▸ **YOUR OBJECTIVE**
Among the records that follow, count the lines with the string "Black"; report only that count.

(Scraped caption text data)
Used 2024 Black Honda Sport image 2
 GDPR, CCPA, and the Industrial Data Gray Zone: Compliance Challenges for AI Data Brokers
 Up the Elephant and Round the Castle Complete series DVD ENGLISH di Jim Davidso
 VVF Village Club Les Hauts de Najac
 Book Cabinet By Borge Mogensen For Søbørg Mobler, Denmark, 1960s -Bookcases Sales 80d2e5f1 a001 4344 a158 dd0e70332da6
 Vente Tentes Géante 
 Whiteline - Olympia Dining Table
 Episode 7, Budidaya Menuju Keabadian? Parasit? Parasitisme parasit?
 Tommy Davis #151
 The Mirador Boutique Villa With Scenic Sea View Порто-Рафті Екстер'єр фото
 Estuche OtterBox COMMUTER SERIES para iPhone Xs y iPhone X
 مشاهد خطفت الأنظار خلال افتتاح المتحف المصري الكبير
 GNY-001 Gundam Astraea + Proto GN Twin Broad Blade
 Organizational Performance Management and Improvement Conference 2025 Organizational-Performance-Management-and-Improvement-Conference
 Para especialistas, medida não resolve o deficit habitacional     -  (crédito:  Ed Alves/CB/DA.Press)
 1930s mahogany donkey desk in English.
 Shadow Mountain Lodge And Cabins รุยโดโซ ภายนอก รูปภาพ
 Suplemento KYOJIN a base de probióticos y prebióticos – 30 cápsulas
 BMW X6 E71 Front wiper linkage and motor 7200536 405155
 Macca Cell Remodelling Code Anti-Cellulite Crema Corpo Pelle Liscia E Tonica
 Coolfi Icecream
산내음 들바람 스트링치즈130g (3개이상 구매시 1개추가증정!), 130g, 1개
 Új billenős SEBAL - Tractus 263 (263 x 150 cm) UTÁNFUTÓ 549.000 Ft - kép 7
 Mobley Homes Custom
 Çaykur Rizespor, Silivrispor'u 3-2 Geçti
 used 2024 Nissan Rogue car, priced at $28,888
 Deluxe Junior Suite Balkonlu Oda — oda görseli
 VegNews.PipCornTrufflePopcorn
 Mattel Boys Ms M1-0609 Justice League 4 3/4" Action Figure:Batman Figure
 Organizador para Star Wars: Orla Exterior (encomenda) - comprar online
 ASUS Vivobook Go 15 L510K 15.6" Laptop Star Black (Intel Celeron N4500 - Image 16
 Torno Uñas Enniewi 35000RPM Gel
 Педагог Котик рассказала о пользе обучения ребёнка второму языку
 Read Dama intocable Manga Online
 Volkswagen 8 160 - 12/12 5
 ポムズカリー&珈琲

▸ **THE COMPLETED TASK**
2